Top of Given material

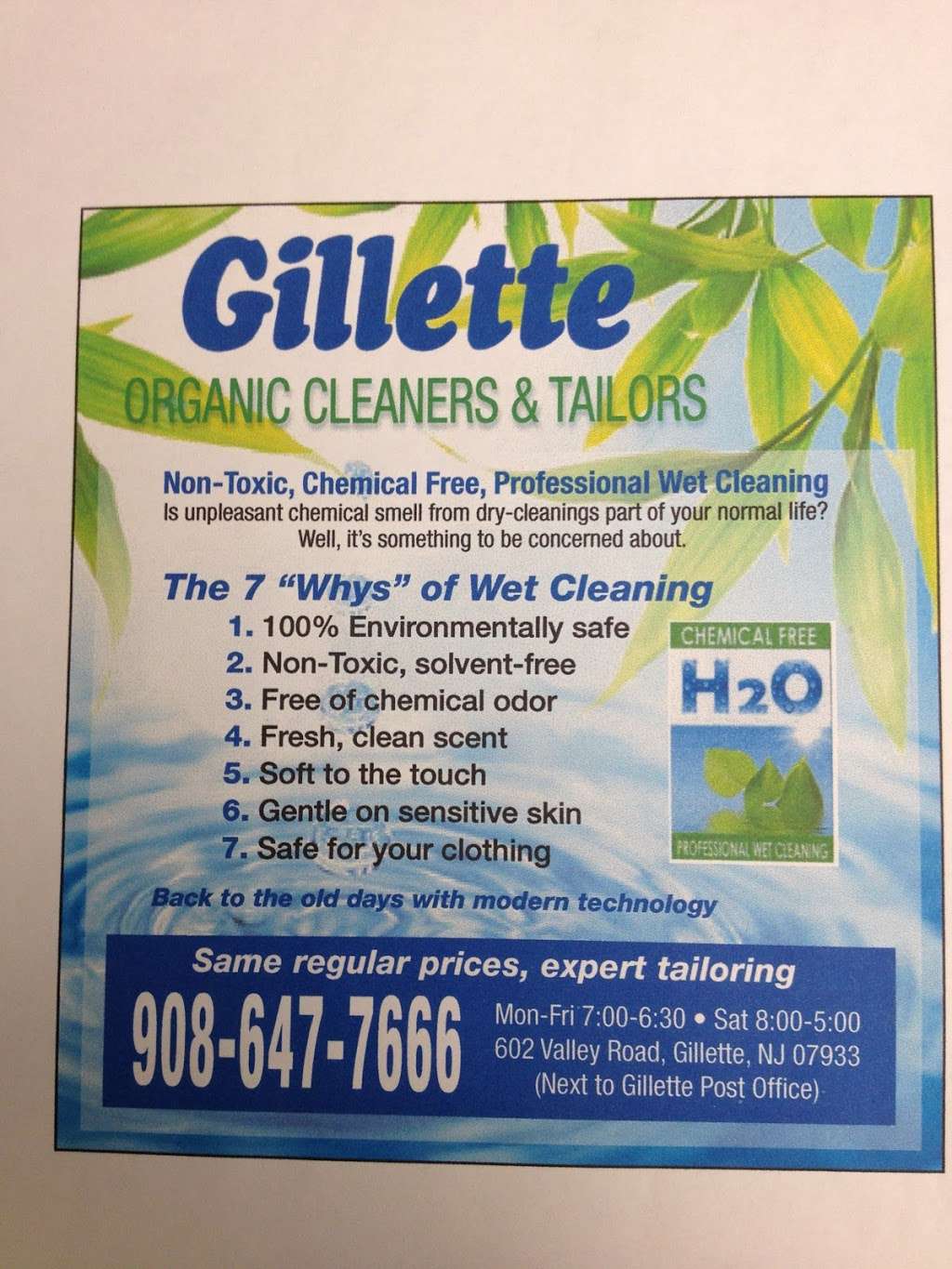 Gillette Cleaners | 602 Valley Rd, Gillette, NJ 07933, USA | Phone: (908) 647-7666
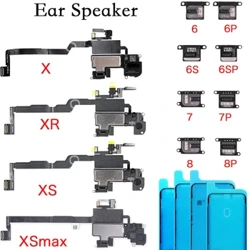 Ear Speaker With Flex Cable For iPhone 7 7P 8 Plus X XR XS Max Earpiece Ear Piece Sound + Waterproof Sticker Replacement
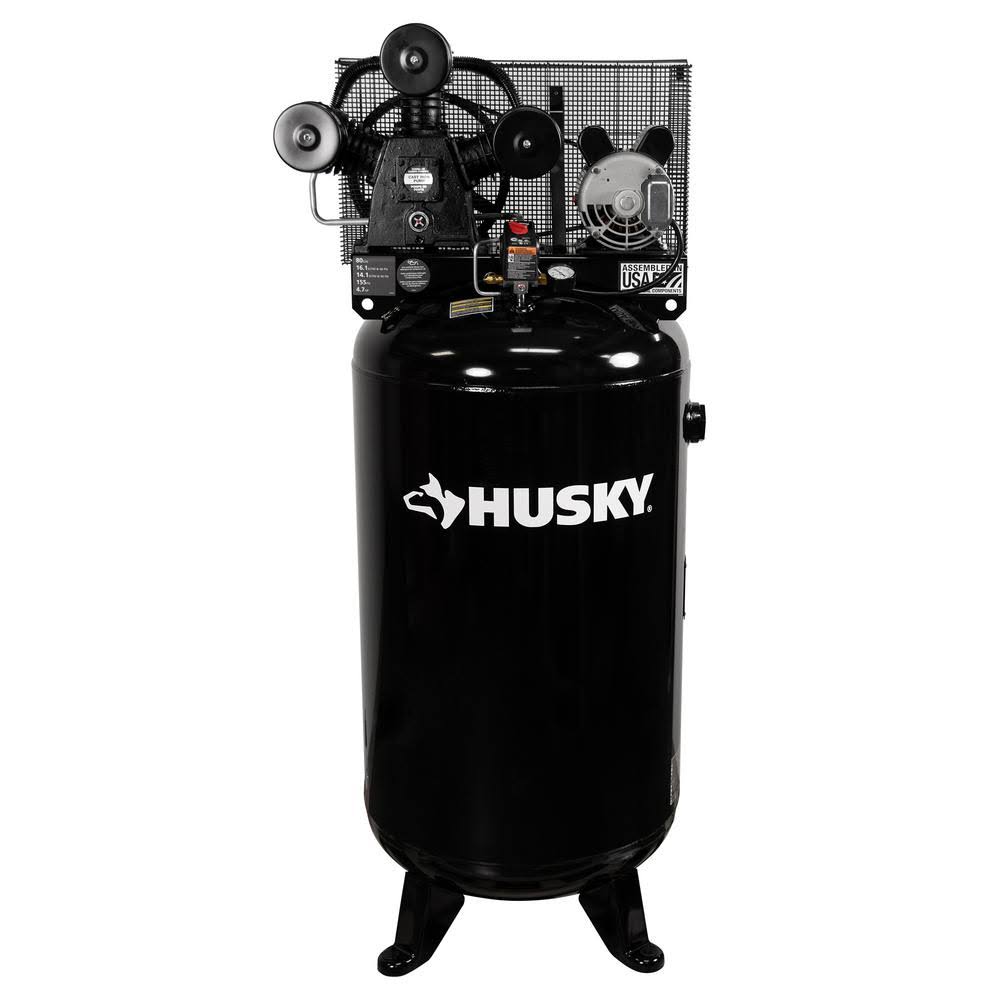 Husky Electric Air Compressor with 80-Gallon Tank, 3-Cylinder Single-Stage Design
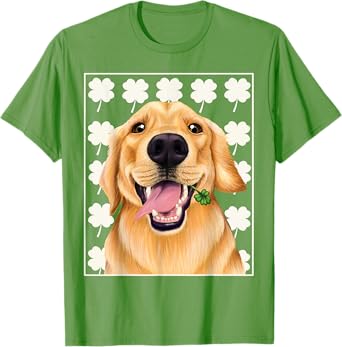 Golden Retriever St. Patrick's day shirt with clovers T-Shirt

Bottom of Given material

What you have to do: When copying the listing, print each line exactly but leave out every picture.

Answer box:
 Gillette Cleaners | 602 Valley Rd, Gillette, NJ 07933, USA | Phone: (908) 647-7666
 Ear Speaker With Flex Cable For iPhone 7 7P 8 Plus X XR XS Max Earpiece Ear Piece Sound + Waterproof Sticker Replacement
 Husky Electric Air Compressor with 80-Gallon Tank, 3-Cylinder Single-Stage Design
 Golden Retriever St. Patrick's day shirt with clovers T-Shirt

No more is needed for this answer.